Thursday 13 September 2018

Film Review: The Predator


Can Shane Black lend his magic touch to the Predator series? The results may surprise you...

Writer/director Shane Black – who is best-known for writing or directing buddy cop comedies like Lethal Weapon, The Nice Guys or Kiss Kiss Bang Bang, but starred in the first Predator movie way back when – has been brought onboard to give this ailing franchise – if you can call one classic movie, two forgotten sequels and two dire spin-offs a franchise – a shot in the arm. And on paper, it's a match made in heaven; but in reality, the results are anything but divine.

Rooted back on Earth, featuring a ragtag ensemble cast and fit to burst with crass wisecracks courtesy of its sassy scribe, The Predator has all the ingredients for a delicious action sci-fi rollercoaster, only to waste literally everything it has going for it and emerge a shambling, incoherent mess of a film.
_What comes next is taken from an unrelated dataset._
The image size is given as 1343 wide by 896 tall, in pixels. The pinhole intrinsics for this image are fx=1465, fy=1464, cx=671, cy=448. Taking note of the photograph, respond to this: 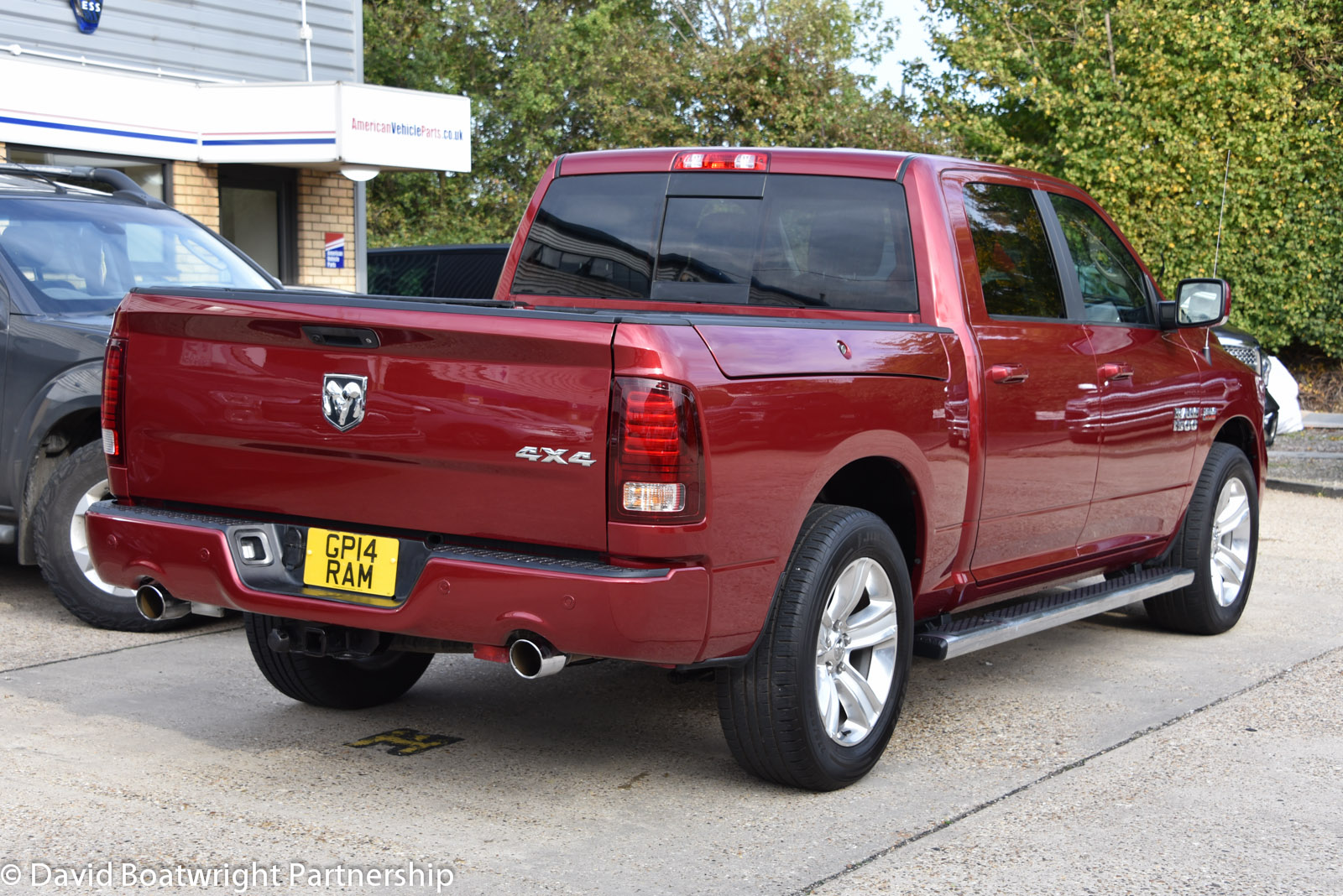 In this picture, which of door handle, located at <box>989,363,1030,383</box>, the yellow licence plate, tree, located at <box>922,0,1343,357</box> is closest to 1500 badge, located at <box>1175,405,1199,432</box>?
door handle, located at <box>989,363,1030,383</box>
The plot, which can only be described as slapdash and needlessly convoluted, follows Quinn (Boyd Holbrook), a black ops sniper whose unit gets killed by a strange cloaked creature in the Central American jungle. Having poached it during the fight, Quinn mails the creature's high-tech helmet back home, where his autistic son Rory (Jacob Tremblay) mistakenly opens the box and plays with the settings. Hell bent on retrieving his gear, the Predator stalks Quinn home; but the creature is being tailed by his own more fearsome enemy.

The film also features Olivia Munn as a biologist who is recruited by the government to unpack the Predator's secrets, as well as Sterling K Brown as a government operative tasked with bringing the Predator the down and Quinn in for questioning.

My hopes for The Predator were dashed within minutes; the first act of this film is so disjointed it makes Suicide Squad look good (okay, maybe not, but you get what I'm getting at). And although things started out shaky, there were signs everything could come good – the second act, believe it or not, had some stuff that worked. The bunch of misfits soldiers who find themselves swept up in Quinn's quest – starring the likes of Keegan-Michael Key, Alfie Allen and Trevante Rhodes – had palpable chemistry. They vibe with one another and the jibes flowed thick and fast, in classic Black fashion.

But once the action kicks into gear, boy does this film go off the rails – and fast. The Predator seems to have fallen victim – and this is just a hunch – to studio tinkering and tampering. All the telltale signs are here; a disjointed first act that swaps setting up the characters for 'cutting to the chase'. The film bounces from here to there with a string of 'scenes' that are more like moments. Wild tonal shifts. Hasty edits that try to circumvent woeful CGI. Narrative beats that aren't teed up, go nowhere or lack payoff. Emotional moments that aren't earned. Characters who pop in and faze out without so much as a 'how do you do'. An action-driven third act that just rolls on and on. It's unmistakable, and reeks of a situation where competing visions have sought compromise and instead cooked up a monstrosity.

The Verdict: 3/10


The Predator is a mutated mess that tries to smush a hard-boiled 80s action movie into the confines of contemporary franchise filmmaking. Bogged down with too much plot, riddled with narrative beats that lack payoff and saddled with characters who we couldn't give two shits about, this is an oddly misshapen misfire from the cult director that fails to deliver in almost every regard.

The Predator is in cinemas across Australia from today.

1 comment:

  1. Oh boy, this doesn't sound good. I'm going to see it tonight I think, but as I've never seen any of the Predator movies (don't hate me please) I was kind of hoping to enjoy it!